Supplies for the DIY Halloween Wreath

Supplies for the DIY Halloween Wreath

I love decorating for holidays, and I love making things for said decorating. The problem with holiday crafting is that, if you aren’t careful, it can get pretty expensive. This wreath isn’t like that. I spent less than $10 on this wreath, but your cost may vary a little bit because I happened to have a handful of unused rubber snakes on hand thanks to my children.
Supplies for Halloween Wreath
You need:
Wreath Form – I chose wire, but you can use other forms just as easily, though I’d recommend spray painting grapevine wreath forms black before you begin.
Black Tulle (my roll was 6 inches by 25 yards and I used almost all of it)
Six or so plastic or rubber snakes
Battery operated lights
A rubber or plastic spider
Optional: various acrylic paints, spray paint

 

I painted them up like venomous snakes

I painted them up like venomous snakes

Step one: Prepare the Snakes
My experience with plastic snakes is that they are generally comically fluorescent. You can leave them the color they come, spray paint them black, or go the more time-consuming route and attempt to paint them in the style of various venomous snakes. The Cobra did not require painting and the Rhinoceros viper ended up much too pink.

 

 

Tying up the Tulle

Tying up the Tulle

Step Two: Tie the Tulle

For the bottom fluff, I cut 2-inch strips (maybe 200) and tied each one to the rings of the wreath form. This is the most time-consuming portion of this craft.

Step Three: Attach the Snakes

I used strips of Tulle to attach the snakes where I wanted them. I tried it with wire but the wire showed too easily. The only wire I used was for the spider in the fluffy Tulle.

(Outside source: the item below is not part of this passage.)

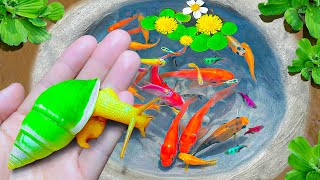 Amazing Catch Colorful Tiny Ornamental Snails, Striped Horse Fish, Koi Fish, Guppies, Butterfly Fish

Step Four: Wind the lights

I used Tulle to attach the battery boxes to the back of the wreath and wound the lights around the form, tying with Tulle when necessary.

Step Five: Weave the Tulle

Using most of the rest of the Tulle, I wove it through the wreath form, the snakes, and the lights. The more tension you use here, the tighter the weave and the more Tulle you will need. Alternatively, you could also do this with black ribbon.

 

DIY Halloween Wreath

DIY Halloween Wreath

Step Six: Tie the Hanger

I used a six-inch length of Tulle tied to the top to hang the wreath.

I keep this as an indoor decoration as the lights are not rated for outdoor use and I don’t really see my front door that much and want to enjoy it so it hangs in my kitchen where I can enjoy it for the whole of Halloween.